Whoever Integrates DuckDB Best Wins the OLAP World

Table of Contents

In my article “[PostgreSQL is Eating the Database World],” I posed this question: Who will ultimately unify the database world? I believe it’s the PostgreSQL ecosystem with various extensions — and my judgment is that to conquer OLAP, the largest and most significant independent database kingdom, this analytical extension must be related to DuckDB.

PostgreSQL has always been my favorite database, but my second favorite database has changed from Redis to DuckDB over the past two years. DuckDB is a very compact yet powerful embedded OLAP analytical database that achieves extreme levels of analytical performance and usability, with extensibility second only to PostgreSQL among all databases.

Just like the vector database extension race two years ago, the current PostgreSQL ecosystem extension competition has begun revolving around DuckDB — “Whoever better integrates DuckDB in PostgreSQL wins the future of the OLAP world.” Although many players are already gearing up, DuckDB’s official entry into the game undoubtedly announces that this competition is about to enter white-hot territory.

DuckDB: The Rising OLAP Challenger
#

DuckDB was developed by Mark Raasveldt and Hannes Mühleisen, two database researchers at the National Research Institute for Mathematics and Computer Science (Centrum Wiskunde & Informatica, CWI) in Amsterdam, Netherlands. CWI is not just a research institution — it can be called the driving force and contributor behind analytical database development, pioneering columnar storage engines and vectorized query execution. The various analytical database products you see today — ClickHouse, Snowflake, Databricks — all have CWI’s influence behind them. Incidentally, Python’s creator Guido van Rossum also created the Python language while at CWI.

However, now these analytical field pioneers have personally entered the analytical database arena themselves, choosing an excellent timing and ecological niche to create DuckDB.

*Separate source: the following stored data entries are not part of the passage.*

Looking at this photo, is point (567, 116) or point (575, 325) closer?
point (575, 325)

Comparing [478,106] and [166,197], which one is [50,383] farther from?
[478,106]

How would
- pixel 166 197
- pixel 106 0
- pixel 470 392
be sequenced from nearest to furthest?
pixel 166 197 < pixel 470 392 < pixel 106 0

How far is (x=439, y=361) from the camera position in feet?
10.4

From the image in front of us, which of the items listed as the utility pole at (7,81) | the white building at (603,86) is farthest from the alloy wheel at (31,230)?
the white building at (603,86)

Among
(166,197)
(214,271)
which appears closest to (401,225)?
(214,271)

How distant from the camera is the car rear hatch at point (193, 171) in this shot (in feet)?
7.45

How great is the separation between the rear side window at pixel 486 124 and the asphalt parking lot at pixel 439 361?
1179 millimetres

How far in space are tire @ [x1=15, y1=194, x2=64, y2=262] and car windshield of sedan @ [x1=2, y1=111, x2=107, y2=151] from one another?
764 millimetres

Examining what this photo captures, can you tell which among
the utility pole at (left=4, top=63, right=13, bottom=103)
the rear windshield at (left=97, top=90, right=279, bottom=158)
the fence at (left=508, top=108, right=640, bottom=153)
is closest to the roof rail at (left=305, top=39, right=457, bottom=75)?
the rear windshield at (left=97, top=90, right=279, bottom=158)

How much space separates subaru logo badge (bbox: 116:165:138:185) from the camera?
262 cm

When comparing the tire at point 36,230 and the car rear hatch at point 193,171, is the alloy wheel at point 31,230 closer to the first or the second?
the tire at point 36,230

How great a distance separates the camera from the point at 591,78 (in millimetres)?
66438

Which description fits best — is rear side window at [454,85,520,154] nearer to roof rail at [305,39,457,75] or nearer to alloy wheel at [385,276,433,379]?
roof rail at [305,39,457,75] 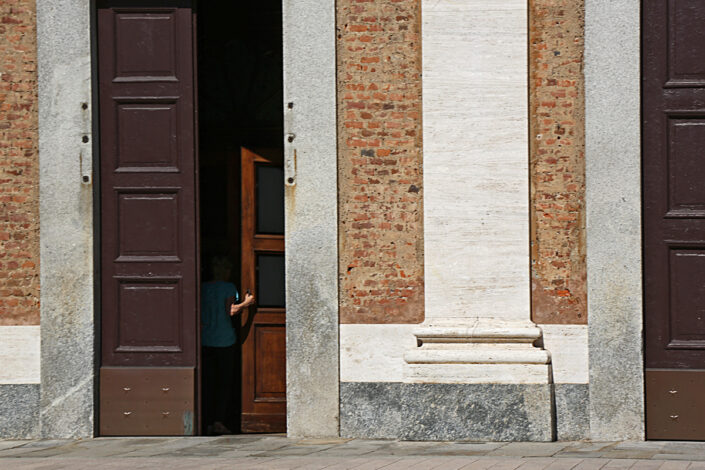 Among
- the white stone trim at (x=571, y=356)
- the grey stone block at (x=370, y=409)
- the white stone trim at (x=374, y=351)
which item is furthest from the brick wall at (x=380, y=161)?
the white stone trim at (x=571, y=356)

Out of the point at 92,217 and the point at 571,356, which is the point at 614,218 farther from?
the point at 92,217

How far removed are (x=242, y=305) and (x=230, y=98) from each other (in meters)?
2.10

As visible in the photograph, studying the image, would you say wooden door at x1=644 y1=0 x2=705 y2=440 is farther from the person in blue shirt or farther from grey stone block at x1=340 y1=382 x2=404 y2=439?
the person in blue shirt

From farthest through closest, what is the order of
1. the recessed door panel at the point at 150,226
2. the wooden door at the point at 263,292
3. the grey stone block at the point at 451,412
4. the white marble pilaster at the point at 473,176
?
1. the wooden door at the point at 263,292
2. the recessed door panel at the point at 150,226
3. the white marble pilaster at the point at 473,176
4. the grey stone block at the point at 451,412

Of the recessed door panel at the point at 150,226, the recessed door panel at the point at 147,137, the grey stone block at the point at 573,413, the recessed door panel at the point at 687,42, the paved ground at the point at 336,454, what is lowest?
the paved ground at the point at 336,454

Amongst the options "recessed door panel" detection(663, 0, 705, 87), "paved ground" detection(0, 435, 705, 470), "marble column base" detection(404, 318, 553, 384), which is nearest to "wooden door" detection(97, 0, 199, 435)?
"paved ground" detection(0, 435, 705, 470)

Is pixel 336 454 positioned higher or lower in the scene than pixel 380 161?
lower

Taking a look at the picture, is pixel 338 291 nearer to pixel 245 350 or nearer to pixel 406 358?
pixel 406 358

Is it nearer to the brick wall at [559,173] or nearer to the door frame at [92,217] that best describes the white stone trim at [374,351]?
the door frame at [92,217]

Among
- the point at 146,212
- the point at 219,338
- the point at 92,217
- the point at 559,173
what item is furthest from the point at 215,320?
the point at 559,173

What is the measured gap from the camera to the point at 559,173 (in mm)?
8898

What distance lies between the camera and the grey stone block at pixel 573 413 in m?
8.78

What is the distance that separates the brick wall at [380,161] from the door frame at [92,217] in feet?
0.40

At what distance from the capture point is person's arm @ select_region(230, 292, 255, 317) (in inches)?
390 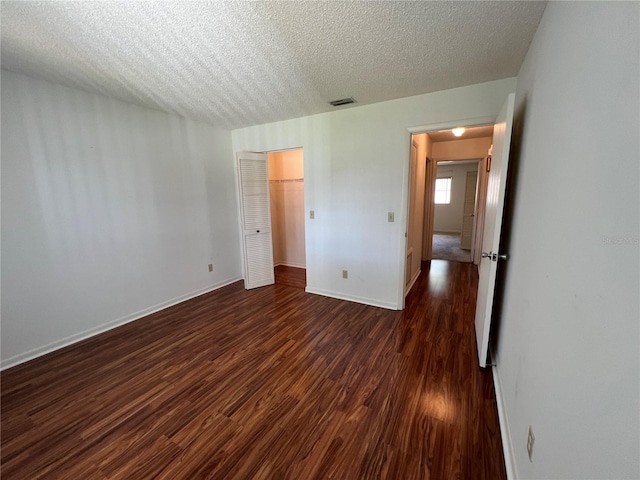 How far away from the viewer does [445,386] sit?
1.85 meters

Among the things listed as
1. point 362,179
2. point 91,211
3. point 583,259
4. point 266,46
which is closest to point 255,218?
point 362,179

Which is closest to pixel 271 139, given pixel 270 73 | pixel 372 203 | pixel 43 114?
pixel 270 73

DuckDB’s origin comes from the authors’ observations of database user pain points: data scientists mainly use tools like Python and Pandas, aren’t very familiar with traditional databases, and often get confused by connection setup, authentication, and data import/export tasks. So is there a way to create a simple, easy-to-use embedded analytical database for them — just like SQLite?

DuckDB’s entire database software source code is just one header file and one C++ file, compiling to a single independent binary, with the database itself being just a simple file. It uses a PostgreSQL-compatible parser and syntax, making it simple with almost no learning curve. Although DuckDB looks very simple, its most remarkable feature is — simple but not simplistic, with analytical performance that dominates the field. For example, on ClickHouse’s home turf ClickBench, it has performance that can beat the host ClickHouse.

Another highly commendable point is that because the authors’ salaries are paid by government taxes, they believe providing their work results freely to anyone is their responsibility to society. Therefore, DuckDB is released under the very permissive MIT license.

I believe DuckDB’s rise is inevitable: a database with top-tier performance while having an extremely low usage barrier, plus being open-source and free, would be hard not to become popular. In StackOverflow’s 2023 developer survey, DuckDB entered the “Most Popular Databases” list for the first time with 0.61% usage (29th place, fourth from bottom). Just one year later, in the 2024 developer survey, it achieved 2.3x growth in popularity, advancing to (1.4%) very close to ClickHouse (1.7%).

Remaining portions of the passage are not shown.